Mas se estes sectores chegam tão longe é também porque há outros actores políticos que os ajudam com as suas concessões e capitulações. Nestes dias ouvimos ministros do PSOE dizerem que estão muito indignados; não se lembram que há alguns meses deram o seu voto ao PP para reformar a lei “Só um Sim é Sim” e eliminaram o consentimento como factor fundamental na determinação de um ataque sexual? Agem como se não tivéssemos gravadas na nossa memória as declarações de Pilar Llop e da “feridazita”,1 ou dos amigos de 40 e 50 anos do presidente Pedro Sánchez que se ofendem com o feminismo que faz “barulho”.

Pois bem, se estão tão preocupados com o que aconteceu com Rubiales agora, depois de protegê-lo por tantos anos e desviar o olhar enquanto este enchia os bolsos, fazemos uma pergunta: que vai fazer o governo agora? Irá acatar a decisão do TAD da mesma forma que aceitaram tantas sentenças dos tribunais patriarcais? A questão é concreta: seis advogados do Estado, como se de mais um agarrar-se aos testículos se tratasse, decidem que Rubiales é um tipo legal que não fez nada de errado, e o Presidente do Governo aceita sem questionar. Por que não intervêm na Federação de Futebol, a dissolvem e a reorganizam de cima a baixo, e acabam com esta pocilga machista e corrupta?

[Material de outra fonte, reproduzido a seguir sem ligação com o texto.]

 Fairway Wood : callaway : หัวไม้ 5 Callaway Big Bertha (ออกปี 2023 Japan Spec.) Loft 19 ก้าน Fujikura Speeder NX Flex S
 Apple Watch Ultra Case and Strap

Irão dizer-nos: não se pode, tem que se respeitar os canais legais e institucionais. Pois bem, as mulheres estão cansadas de esperar e “respeitar” esta ordem capitalista e patriarcal. Acabou-se.

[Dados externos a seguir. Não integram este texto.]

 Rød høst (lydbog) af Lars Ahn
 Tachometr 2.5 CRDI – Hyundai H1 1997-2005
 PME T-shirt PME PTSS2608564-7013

São as nossas vidas, são os nossos direitos. Queremos um presente e um futuro livres de violência machista e sexual, mas não vamos esperar que alguém nos ofereça. Não confiamos nos juízes, nem nos tribunais desportivos, nem nas instituições do Regime de 1978, nem no sistema capitalista. Confiamos na força que temos quando nos organizamos e saímos para lutar, que é muita. Só assim conquistamos direitos e se desbravam os caminhos para uma verdadeira igualdade.

Notas

1. NdT: Pilar Llop foi juíza e é ministra da Justiça desde 12 de julho de 2021 no governo PSOE-UP. No contexto da lei "Só um sim é sim" fez a seguinte declaração: 'Tenemos unos jueces extraordinarios. Es fácil probar que hay violencia e intimidación. Basta una heridita', que defende os agressores sexuais, iliba o sistema judicial patriarcal e continua a colocar em segundo plano a questão do consentimento.